Illustration: Till Hafenbrak

Seit jeher sind Menschen fasziniert davon, ein Bild von sich selbst zu machen, mit dem sie sich dann vor anderen präsentieren: Schaut her, das bin ich und so bin ich. In früheren Zeiten posierte man – wenn man es sich leisten konnte – vor einem Porträtmaler, später vor einer Fotografin. Doch erst die Entwicklung der Smartphones machte es möglich, sich ohne Aufwand selbst abzulichten – und seit gut zwei Jahrzehnten gibt es ein Wort für diese Sorte Adhoc-Selbstporträts: Selfie.

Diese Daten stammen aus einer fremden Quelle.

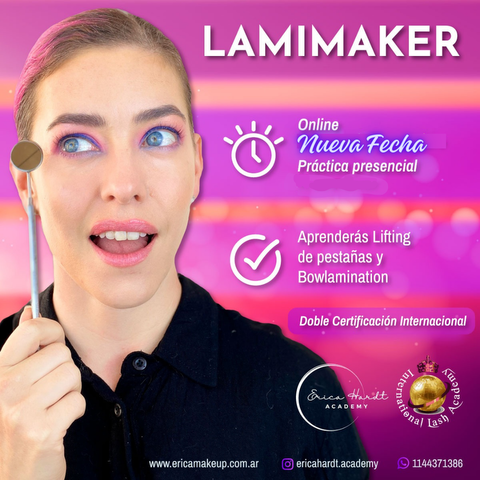 LAMIMAKER ONLINE / Lifting de Pestañas (Inicial) 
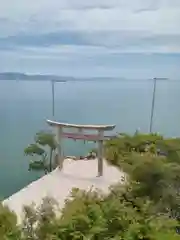 竹生島神社（都久夫須麻神社）の鳥居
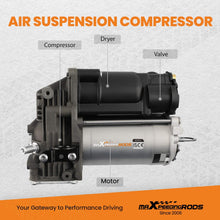 Load image into Gallery viewer, Compressor suitable for Mercedes ML-Class W166 1663200104 Air Suspension Level Control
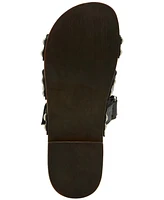 Steve Madden Women's Canal Wooden Platform Slide Sandals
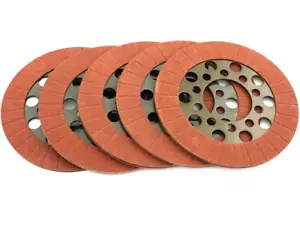 41-84 Cabezal de pala Panhead 4 velocidades Red Eagle Alto PLACAS DE EMBRAGUE 37930-68 - Imagen 1 de 2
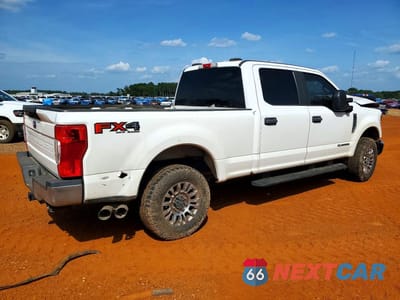 Trzecie zdjęcie samochodu z tyłu: 2021 FORD F250 SUPER DUTY VIN:1FT7W2BT8MEC06191 - miniatura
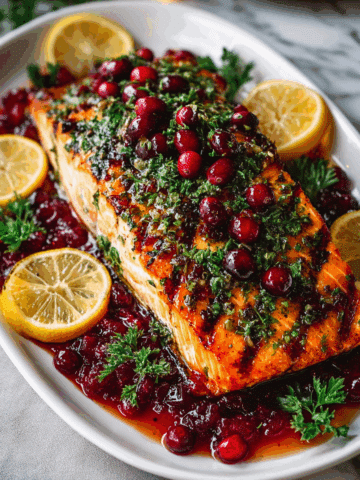 Baked Salmon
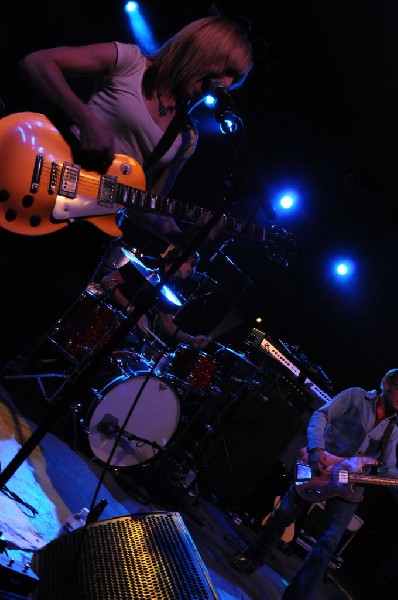 Heartless Bastards at Stubb's BarBQ, Austin, Texas - 10/30/09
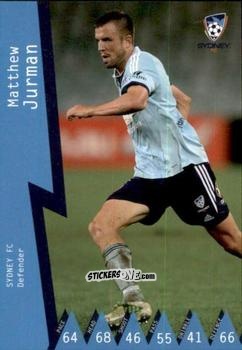 Figurina Matthew Jurman - Football Australia Trading Cards 2014-2015 n. 95 - Tap'N'Play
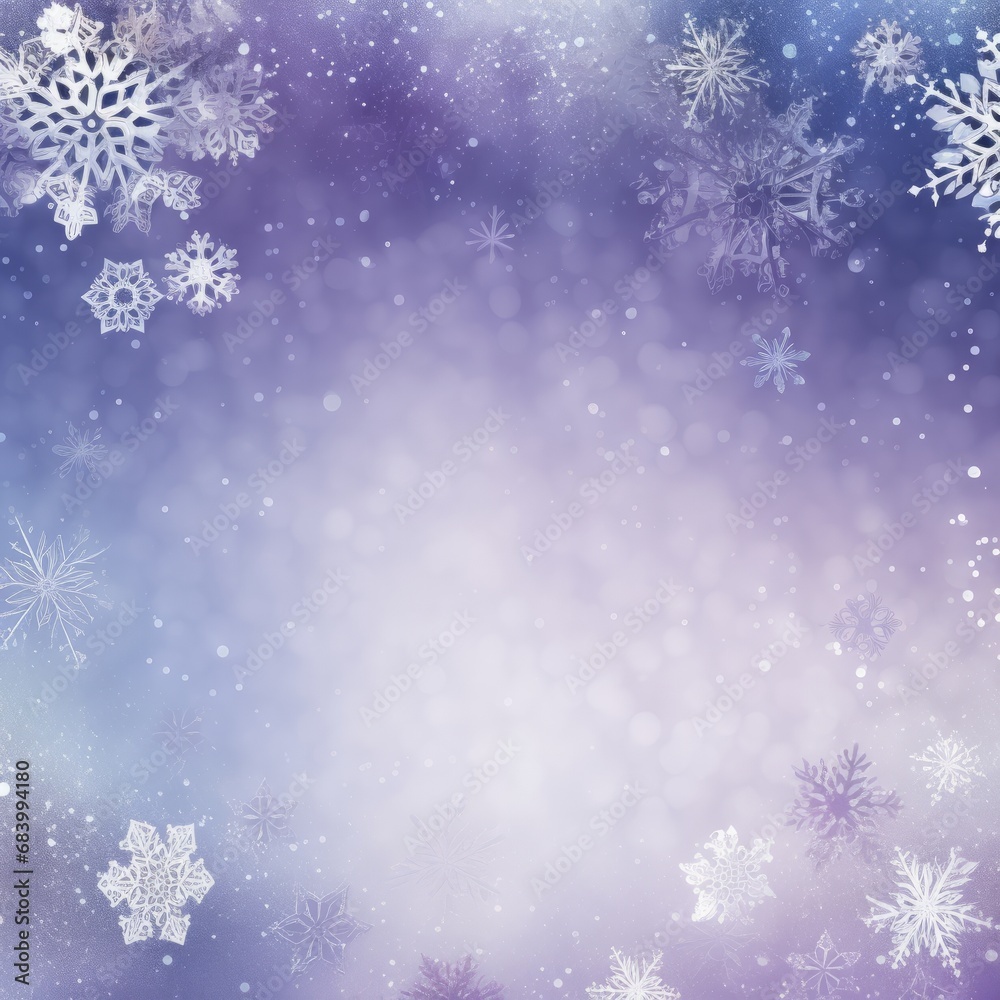 Unleash the Magic of Holidays: Enchanting Snowflake Christmas Background! Generative AI Unleash the Magic of Holidays: Enchanting Snowflake Christmas Background! Generative AI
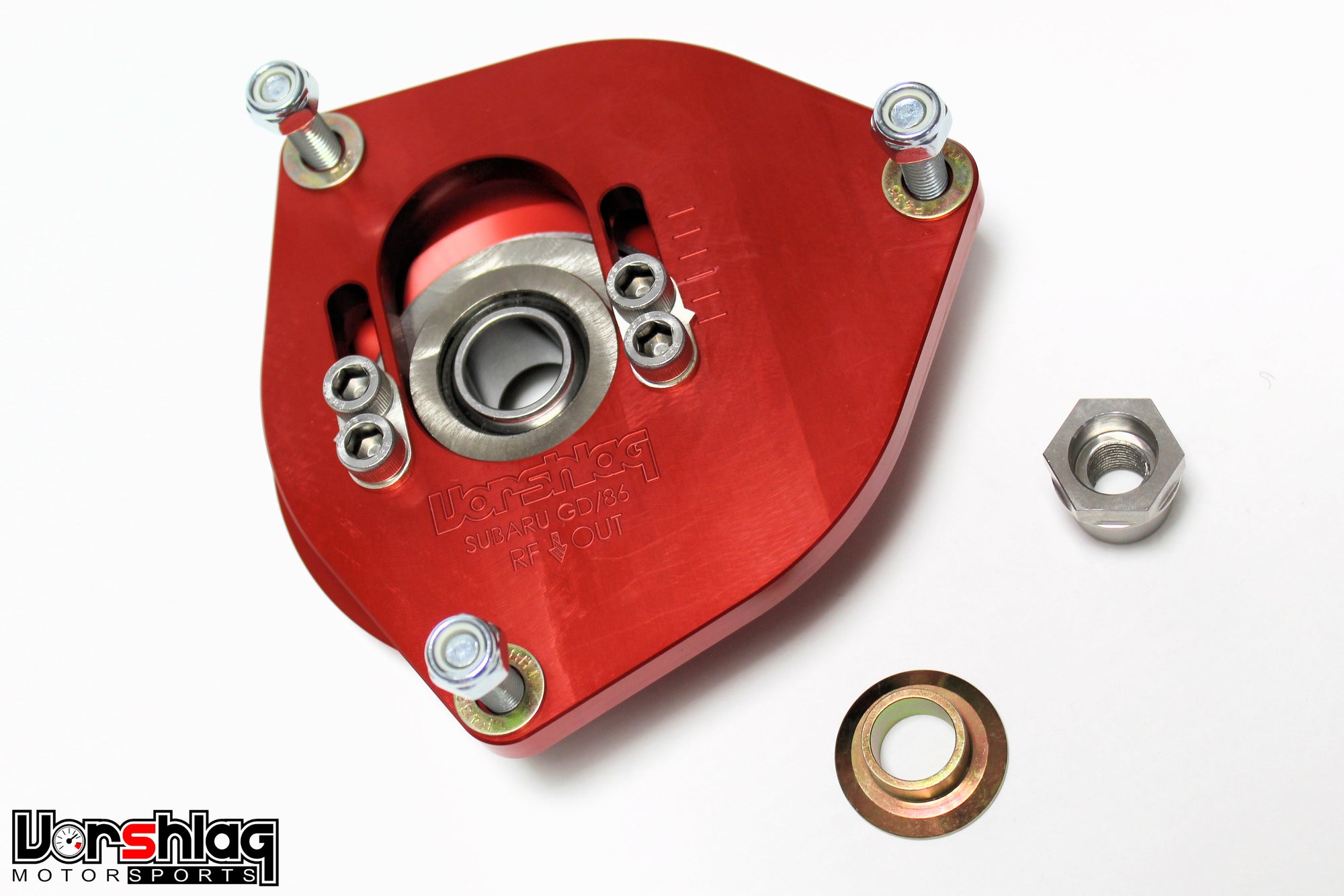 Vorshlag BRZ/FR-S/86 High Caster Camber Plates & OEM Perches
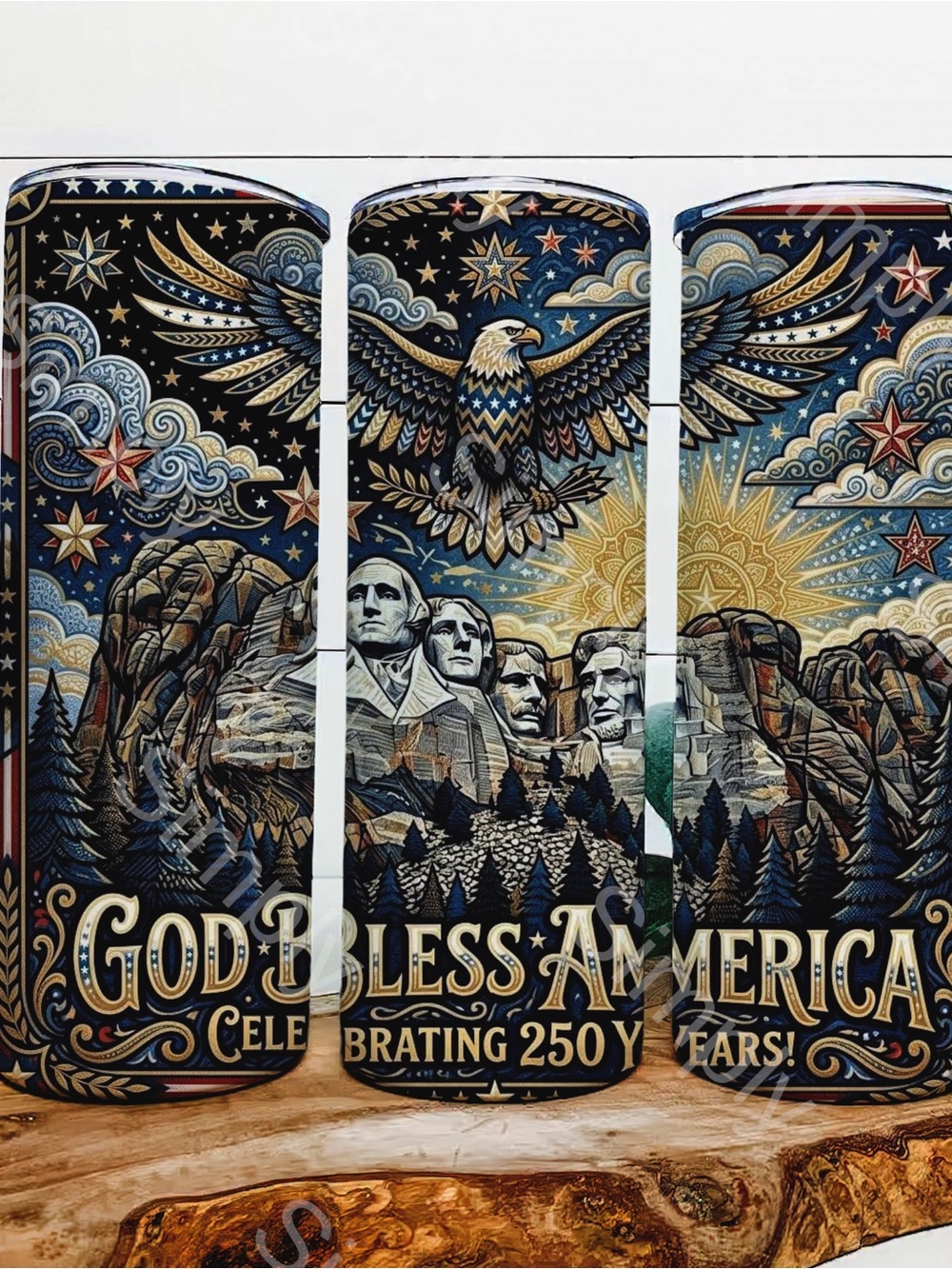 God bless America  - 20oz Tumbler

Selbstredend stürzte sich sogleich auch die psychologische Forschung auf dieses leicht zugängliche Medium der Selbstdarstellung. Bislang beschäftigten sich die Studien vor allem mit der Senderseite, etwa: Wie präsentiert sich diese Person und was will sie der Welt damit kundtun? Die Psychologen Tobias Matthias Schneider und Claus-Christian Carbon von der Universität Bamberg wechselten nun aber in ihrer Studie die Perspektive: Sie wollten wissen, wie Selfies auf die Menschen wirken, die sie anschauen, und was sie mit dem Bild und der Pose jeweils assoziieren.

Die beiden Forscher betrachteten die Selbstporträts also sozusagen im Spiegel der Empf ängerinnen und Empfänger.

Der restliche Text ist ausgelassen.